◆ Extracted information:
-*-*-
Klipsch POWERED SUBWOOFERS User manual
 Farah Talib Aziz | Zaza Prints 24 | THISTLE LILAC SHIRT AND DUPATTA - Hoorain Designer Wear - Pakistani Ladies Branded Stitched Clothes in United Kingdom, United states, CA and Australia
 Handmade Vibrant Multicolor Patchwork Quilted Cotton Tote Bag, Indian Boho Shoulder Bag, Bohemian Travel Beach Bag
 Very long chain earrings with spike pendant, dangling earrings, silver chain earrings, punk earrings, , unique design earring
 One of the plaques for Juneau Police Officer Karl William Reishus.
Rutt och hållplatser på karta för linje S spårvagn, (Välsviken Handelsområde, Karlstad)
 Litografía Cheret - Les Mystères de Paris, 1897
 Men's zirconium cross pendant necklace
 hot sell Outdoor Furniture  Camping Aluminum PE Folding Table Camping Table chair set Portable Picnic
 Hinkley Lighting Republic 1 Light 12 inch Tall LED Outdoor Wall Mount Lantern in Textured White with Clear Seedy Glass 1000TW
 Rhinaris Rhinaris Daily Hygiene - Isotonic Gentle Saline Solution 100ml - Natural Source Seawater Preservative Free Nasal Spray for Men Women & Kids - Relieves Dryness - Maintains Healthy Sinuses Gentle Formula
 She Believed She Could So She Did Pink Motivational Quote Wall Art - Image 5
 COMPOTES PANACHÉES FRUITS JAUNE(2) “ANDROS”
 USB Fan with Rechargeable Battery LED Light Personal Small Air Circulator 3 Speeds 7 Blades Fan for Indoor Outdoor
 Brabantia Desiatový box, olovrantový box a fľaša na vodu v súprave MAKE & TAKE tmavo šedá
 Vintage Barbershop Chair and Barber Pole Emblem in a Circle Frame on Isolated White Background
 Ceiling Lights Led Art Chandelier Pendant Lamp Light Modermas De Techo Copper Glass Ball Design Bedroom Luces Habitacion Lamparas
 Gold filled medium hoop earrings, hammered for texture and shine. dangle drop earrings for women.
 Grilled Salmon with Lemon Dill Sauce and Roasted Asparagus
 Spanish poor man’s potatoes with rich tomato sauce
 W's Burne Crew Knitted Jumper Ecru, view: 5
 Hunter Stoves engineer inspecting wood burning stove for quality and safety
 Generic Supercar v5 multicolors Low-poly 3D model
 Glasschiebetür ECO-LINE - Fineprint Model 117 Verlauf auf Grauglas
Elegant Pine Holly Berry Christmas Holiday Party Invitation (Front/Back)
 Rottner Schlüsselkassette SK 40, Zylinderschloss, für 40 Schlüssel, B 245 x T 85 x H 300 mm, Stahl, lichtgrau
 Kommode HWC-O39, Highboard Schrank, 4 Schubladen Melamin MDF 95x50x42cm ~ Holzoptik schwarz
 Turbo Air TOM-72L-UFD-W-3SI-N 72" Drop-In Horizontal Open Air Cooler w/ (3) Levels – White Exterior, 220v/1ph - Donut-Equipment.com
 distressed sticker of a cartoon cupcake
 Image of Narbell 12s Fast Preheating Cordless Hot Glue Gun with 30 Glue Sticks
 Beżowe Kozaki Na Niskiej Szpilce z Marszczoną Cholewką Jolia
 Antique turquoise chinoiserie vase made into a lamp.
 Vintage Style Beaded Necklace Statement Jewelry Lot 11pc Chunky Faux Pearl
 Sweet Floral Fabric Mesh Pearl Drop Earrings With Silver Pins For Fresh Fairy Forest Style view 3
-*-*-
The word "Outdoor" is the filter: copy every line of the listing above that contains it.

 hot sell Outdoor Furniture  Camping Aluminum PE Folding Table Camping Table chair set Portable Picnic
 Hinkley Lighting Republic 1 Light 12 inch Tall LED Outdoor Wall Mount Lantern in Textured White with Clear Seedy Glass 1000TW
 USB Fan with Rechargeable Battery LED Light Personal Small Air Circulator 3 Speeds 7 Blades Fan for Indoor Outdoor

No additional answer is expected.